I will not be surprised nor disheartened to hear again from the writer on the Psalms or from the transportation executive, and, by contrast, my sense was, as I paid the fare, that the driver had as little expectation as I that we would ever see one another again. Nor can I say that he and I had had the sort of intimate conversation that the advice-giver likely had in mind when he or she wrote of improving the quality of “my” relationships. Nor was my exchange with the driver absolutely unusual. Every few months or so—e.g., in an elevator or in a check-out line—all of a sudden a deep-reaching, very short-lived connection is made with another human being, a person I’ve never met before. As if it were given me to see, a just for those ten seconds, that there was light, too, within the Earth.
Thinking schematically, we could say that such special moments depend on the chance intersection of an allower and an allowed. And usually I am in the allowed role and allowed to make some observation about life under capitalism or in a bureaucracy, or the vagaries of human nature, the delusions we cling to. I have appreciated, greatly appreciated, these exchanges, and I have appreciated that these others have appreciated whatever out-of-the-ordinary observation they have allowed me to make. But crossing the Manhattan Bridge, me absorbed in the spongy, leatherette backseat, the limo driver and I somehow briefly found ourselves on another level, and the driver, for all he had to keep his eye on the traffic, was the one who noticed it first.

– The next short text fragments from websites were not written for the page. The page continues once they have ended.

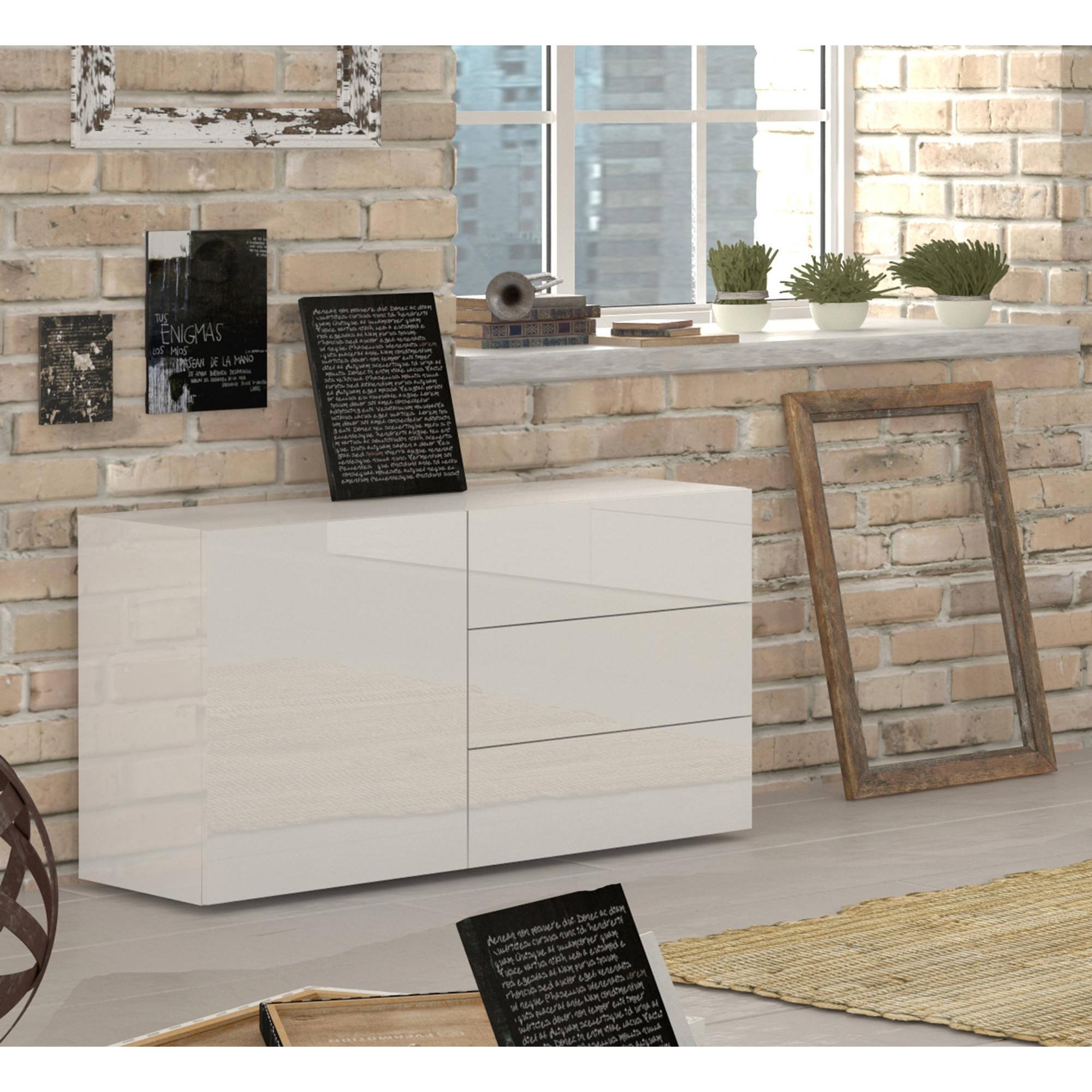 Credenza moderna a 1 anta e 3 cassetti, Made in Italy, Madia da cucina, Buffet di design da soggiorno, cm 110x40h35, colore Bianco lucido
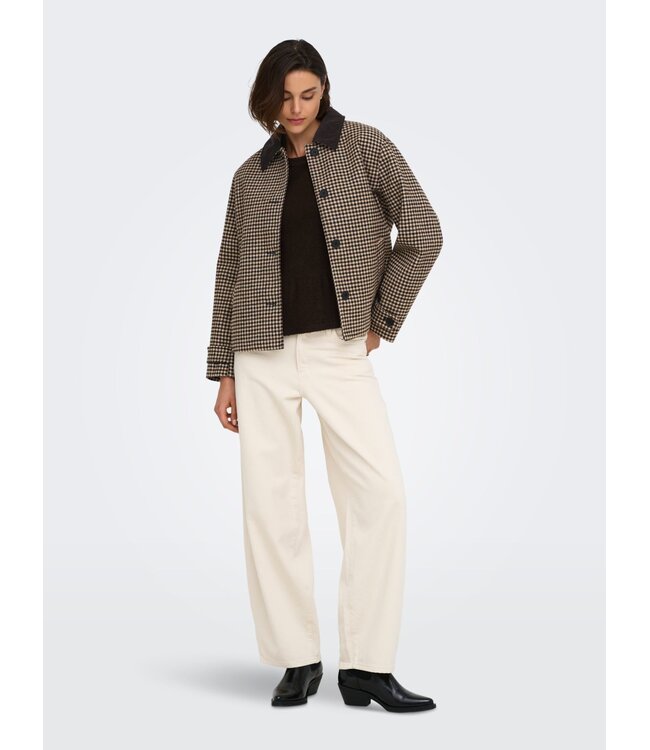 JDY JDYVALERIE Check Jacket Iced Coffee – Geruite damesjas met corduroy kraag
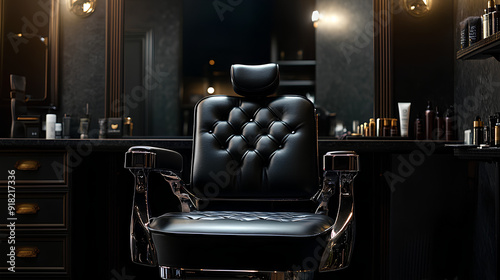Stylish black leather barber chair in front of the mirror in the dark interior of the hairdressing salon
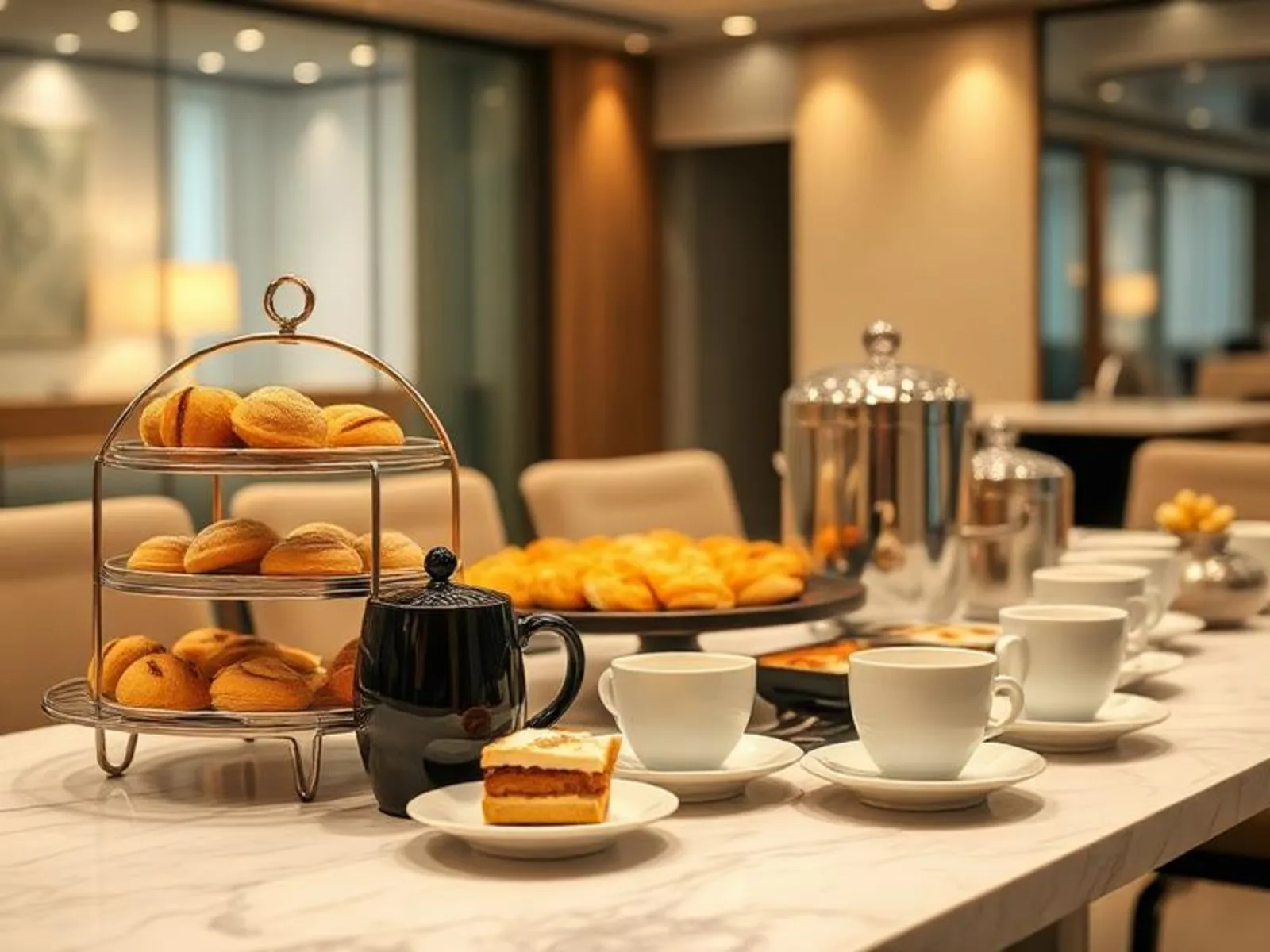 Mesa de coffee break corporativo montada com salgados, bolos e café em ambiente de escritório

In explaining how he himself evaluated reports of miracles, Hume wrote:
When anyone tells me, that he saw a dead man restored to life, I immediately consider with myself, whether it be more probable, that this person should either deceive or be deceived, or that the fact, which he relates, should really have happened. . . . If the falsehood of his testimony would be more miraculous, then the event which he relates; then, and not till then, can he pretend to command my belief or opinion.
All this of course makes good sense. What Hume was overlooking was the value of miracles, however short-lived or easy to dismiss.
“Of Miracles” appears as Section Ten of Hume’s An Enquiry Concerning Human Understanding.